Winemakers love to get creative with their craft, creating endless possibilities to an ancient alcoholic beverage. But deciding which wine is for you can pose a dilemma. 

Lost Prairie Winery employee Karen Giesler said many beer drinkers do mow know what type of wine they like. 


“We try to tap into other flavor profiles that they might enjoy,” Giesler said. “Reds or whites. Sweet or full-bodied. That way we can guide them through the tasting process, and they can usually find something they love.” 

Owner of Ten Bears Winery, William Conkling, said in wine tasting, balance is important. 

“You won’t want something that is one-dimensional,” Conkling said. “You will want something with an oaky flavor that is not too over the top, and just let the grapes speak for themselves.”

The main difference in types of wine is color. Wine gets its colors from tannins, a naturally occurring substance in grapes and other fruits that give a bitter and dry flavor.

White and blush wines usually have very little tannins, making them sweet and easy to drink. Red wines contain a lot of tannins, giving a blood-like color and rich taste.

“The variety and complexity of wine is the most interesting to me,” said Daniel Larason, a horticulture & landscape architecture major and member of the CSU Vines to Wine club.  “There is so much out there you could not get bored with. There is always something to learn with this drink.”

Although there is a lot to learn, here is a beginners guide to selecting a wine that will appeal to your individual flavor pallet: 

Wine at Café Vino, 1200 S. College Ave. (Photo: Ashley Haberman)

Popular Reds

Cabernet sauvignon– Full-bodied, meaning it contains lots of tannins with herbal notes.

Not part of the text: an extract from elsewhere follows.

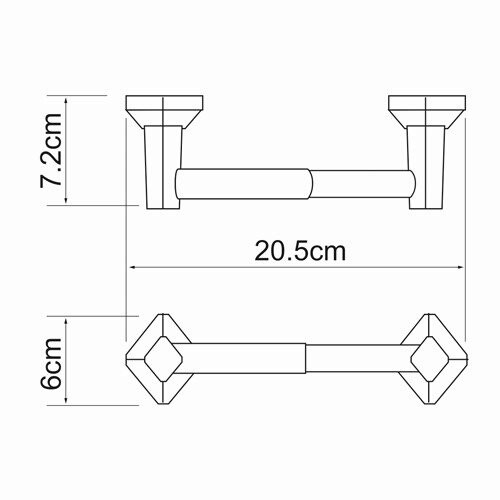 Аллер (Aller) K-1122 Держатель туалетной бумаги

Flavor: Black cherry, spicy and oaky.

Fun Fact: Cabernet sauvignon is the most popular wine variety in the world.

Try: Carbernet and Merlot blend from Lost Prairie Winery 

Merlot –Less tannic than Cabernet sauvignon.

Flavor: Fruity, spicy, and very soft.

Fun Fact: Because Merlot wine is so sensitive to light, this wine will have an orange tinted rim.

Try: Grand Valley Merlot from Ten Bears Winery 

Pinot Noir- High acidity and low tannins. 

Flavor: Roses, fruits, and currant. If you like this wine, try Pinot Grigio and Pinot Blanc. These are simply color mutations of the Pinot Noir grape and produce similar taste.

Fun fact: This wine is thought to be 2,000 years old.

Try: 5680’ Vineyard Pinot Noir 


Popular Whites

Chardonnay: This wine was most popular throughout the 1990’s and can be made into sparkling or still.

Flavor: Velvety taste with citrus and oaky flavors.

Fun Fact: Chardonnay grapes originated in eastern France but are now grown wherever wine is produced, from England to New Zealand.

Try: Bin Green and Gold Ram’s White from Ram’s Point Winery

Sauvignon blanc- Different from Chardonnay because of its green and herbaceous flavors.

Flavor: Lime, green apple, or white peach (sometimes bell pepper or jalapeño). This wine is considered fairly dry in taste.

Fun Fact: The name Sauvignon Blanc means “Wild White”.

Try: Alias Sauvignon Blanc 2016 from the Colorado Wine Company 

Riesling- This German wine is very complex and layered. It’s fruity but with a healthy amount of tannins.

Flavor: Apple, lime blossom, and pear. This wine is usally sweet and fruity. If you are looking for something more zesty, ask for a “dry” Reisling.

Fun fact: Reisling is considered the versatile  food pairing wine because of its high acidity and different levels of sweetness.